» **WORK INSTRUCTION**:
Determine the number of lines in the data below that contain the string "thumbnail", and respond with that number alone.

Short web captions
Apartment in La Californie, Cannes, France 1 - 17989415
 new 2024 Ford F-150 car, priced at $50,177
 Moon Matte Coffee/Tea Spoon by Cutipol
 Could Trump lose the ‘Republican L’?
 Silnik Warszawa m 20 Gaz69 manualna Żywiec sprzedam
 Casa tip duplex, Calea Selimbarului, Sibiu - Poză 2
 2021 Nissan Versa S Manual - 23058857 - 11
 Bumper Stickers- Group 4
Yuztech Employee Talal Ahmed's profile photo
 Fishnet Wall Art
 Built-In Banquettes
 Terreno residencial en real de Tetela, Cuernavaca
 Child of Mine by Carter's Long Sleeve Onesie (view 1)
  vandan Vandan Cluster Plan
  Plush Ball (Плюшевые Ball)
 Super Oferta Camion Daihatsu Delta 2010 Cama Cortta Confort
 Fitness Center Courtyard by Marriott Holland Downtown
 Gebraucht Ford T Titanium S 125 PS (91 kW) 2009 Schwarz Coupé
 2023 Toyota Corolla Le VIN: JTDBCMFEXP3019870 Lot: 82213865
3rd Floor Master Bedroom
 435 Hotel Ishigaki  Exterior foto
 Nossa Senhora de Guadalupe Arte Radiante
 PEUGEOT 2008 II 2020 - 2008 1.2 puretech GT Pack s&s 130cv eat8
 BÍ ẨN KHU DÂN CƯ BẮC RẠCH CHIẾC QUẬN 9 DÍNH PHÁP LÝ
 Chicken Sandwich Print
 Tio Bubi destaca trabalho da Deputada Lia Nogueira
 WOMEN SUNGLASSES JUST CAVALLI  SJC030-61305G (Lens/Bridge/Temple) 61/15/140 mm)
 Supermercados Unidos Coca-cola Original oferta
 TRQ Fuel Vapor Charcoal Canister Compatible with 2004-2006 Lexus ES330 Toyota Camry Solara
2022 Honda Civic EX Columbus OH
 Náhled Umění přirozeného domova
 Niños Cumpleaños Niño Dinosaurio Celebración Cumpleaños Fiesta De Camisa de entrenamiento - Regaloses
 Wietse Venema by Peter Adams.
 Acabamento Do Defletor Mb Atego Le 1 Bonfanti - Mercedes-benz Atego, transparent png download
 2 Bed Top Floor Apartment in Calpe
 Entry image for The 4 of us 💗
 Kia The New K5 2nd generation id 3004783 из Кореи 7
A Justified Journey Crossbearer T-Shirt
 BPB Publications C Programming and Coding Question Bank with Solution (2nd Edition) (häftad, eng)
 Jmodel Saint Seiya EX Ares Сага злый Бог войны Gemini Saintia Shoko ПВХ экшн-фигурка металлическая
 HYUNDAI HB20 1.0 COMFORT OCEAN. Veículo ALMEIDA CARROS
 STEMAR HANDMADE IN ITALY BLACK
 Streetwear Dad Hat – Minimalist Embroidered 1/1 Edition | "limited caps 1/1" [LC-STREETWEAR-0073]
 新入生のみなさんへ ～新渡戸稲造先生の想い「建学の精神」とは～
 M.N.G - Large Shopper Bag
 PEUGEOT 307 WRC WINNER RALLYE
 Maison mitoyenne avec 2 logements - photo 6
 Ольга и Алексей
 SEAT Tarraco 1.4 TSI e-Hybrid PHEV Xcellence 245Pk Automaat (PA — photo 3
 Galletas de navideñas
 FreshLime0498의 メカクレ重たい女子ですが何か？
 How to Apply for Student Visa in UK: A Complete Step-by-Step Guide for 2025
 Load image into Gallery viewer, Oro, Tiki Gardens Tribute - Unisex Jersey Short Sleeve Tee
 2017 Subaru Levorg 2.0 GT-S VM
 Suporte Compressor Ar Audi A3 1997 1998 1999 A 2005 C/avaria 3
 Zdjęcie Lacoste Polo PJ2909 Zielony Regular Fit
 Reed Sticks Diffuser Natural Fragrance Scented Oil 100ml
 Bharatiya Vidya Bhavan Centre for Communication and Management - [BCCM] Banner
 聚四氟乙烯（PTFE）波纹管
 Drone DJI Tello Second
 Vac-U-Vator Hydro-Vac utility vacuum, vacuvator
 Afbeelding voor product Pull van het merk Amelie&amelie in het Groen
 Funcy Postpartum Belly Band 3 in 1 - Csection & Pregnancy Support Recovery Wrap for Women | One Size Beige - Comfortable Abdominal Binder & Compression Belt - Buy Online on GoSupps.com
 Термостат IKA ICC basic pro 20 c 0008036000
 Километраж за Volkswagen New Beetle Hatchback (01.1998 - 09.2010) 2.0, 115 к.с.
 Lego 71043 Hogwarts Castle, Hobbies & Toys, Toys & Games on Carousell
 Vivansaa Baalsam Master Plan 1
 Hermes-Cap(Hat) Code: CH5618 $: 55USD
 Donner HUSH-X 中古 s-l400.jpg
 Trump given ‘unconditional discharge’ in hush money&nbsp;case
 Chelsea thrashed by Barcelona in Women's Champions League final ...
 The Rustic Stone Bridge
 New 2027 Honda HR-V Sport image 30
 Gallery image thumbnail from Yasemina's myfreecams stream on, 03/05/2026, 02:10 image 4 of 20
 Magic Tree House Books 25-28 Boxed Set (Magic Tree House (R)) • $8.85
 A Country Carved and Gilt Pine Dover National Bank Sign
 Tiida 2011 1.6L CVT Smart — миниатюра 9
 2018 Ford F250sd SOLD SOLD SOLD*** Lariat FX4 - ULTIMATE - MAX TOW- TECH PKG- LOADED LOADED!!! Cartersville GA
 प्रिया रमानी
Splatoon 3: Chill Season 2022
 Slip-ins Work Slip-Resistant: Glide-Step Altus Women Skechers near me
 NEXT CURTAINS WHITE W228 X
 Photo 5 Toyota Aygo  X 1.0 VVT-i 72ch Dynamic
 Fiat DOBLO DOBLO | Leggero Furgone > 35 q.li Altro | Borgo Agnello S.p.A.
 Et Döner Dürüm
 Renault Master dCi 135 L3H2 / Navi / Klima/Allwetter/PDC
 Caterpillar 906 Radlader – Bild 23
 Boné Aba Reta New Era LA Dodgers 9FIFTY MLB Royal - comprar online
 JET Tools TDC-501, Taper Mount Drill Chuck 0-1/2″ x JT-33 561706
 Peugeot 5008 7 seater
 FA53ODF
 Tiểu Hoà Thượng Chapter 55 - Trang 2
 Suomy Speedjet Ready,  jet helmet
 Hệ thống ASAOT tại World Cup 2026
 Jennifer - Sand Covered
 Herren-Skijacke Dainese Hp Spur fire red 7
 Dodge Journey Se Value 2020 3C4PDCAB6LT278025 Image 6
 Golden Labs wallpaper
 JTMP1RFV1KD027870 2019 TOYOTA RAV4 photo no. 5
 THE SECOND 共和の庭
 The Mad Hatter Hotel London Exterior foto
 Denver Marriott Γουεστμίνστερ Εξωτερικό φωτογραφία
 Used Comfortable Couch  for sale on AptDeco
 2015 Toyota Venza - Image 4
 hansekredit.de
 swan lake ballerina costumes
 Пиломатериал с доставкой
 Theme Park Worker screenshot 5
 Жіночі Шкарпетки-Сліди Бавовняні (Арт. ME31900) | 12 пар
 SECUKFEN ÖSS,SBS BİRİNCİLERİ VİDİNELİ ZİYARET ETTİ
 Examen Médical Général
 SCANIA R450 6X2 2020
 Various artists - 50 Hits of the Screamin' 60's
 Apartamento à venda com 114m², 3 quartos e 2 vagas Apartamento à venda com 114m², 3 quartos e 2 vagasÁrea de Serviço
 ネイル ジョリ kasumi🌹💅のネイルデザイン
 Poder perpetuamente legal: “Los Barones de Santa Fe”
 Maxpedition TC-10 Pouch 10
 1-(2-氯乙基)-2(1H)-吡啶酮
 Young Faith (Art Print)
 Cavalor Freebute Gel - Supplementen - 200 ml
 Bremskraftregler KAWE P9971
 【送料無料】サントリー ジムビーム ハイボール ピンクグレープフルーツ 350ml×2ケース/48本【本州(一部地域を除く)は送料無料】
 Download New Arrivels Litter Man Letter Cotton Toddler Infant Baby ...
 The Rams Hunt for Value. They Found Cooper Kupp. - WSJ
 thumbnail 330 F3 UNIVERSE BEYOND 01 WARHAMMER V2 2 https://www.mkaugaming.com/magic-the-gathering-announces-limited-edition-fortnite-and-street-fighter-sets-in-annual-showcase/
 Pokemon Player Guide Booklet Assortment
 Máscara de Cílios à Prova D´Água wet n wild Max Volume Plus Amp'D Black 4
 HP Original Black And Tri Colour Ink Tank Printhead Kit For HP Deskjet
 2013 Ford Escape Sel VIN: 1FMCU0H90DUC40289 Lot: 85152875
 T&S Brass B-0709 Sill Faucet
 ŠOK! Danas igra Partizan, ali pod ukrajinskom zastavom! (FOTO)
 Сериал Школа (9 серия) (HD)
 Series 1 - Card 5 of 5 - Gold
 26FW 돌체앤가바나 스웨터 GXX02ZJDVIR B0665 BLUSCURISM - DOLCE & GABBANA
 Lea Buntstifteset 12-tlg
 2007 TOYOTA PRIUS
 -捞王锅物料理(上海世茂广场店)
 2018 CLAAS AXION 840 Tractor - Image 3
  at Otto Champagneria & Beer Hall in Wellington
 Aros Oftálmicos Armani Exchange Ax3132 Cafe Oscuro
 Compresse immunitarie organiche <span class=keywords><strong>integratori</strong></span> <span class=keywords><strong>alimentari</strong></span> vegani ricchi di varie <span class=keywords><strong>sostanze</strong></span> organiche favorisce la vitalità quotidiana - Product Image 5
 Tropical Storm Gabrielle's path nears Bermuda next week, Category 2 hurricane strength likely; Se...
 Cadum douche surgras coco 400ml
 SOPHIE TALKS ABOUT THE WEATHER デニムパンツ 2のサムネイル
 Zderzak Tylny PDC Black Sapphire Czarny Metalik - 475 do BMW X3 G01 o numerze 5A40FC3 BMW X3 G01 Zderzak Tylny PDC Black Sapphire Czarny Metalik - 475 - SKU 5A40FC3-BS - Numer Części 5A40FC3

» **OUTPUT**:
2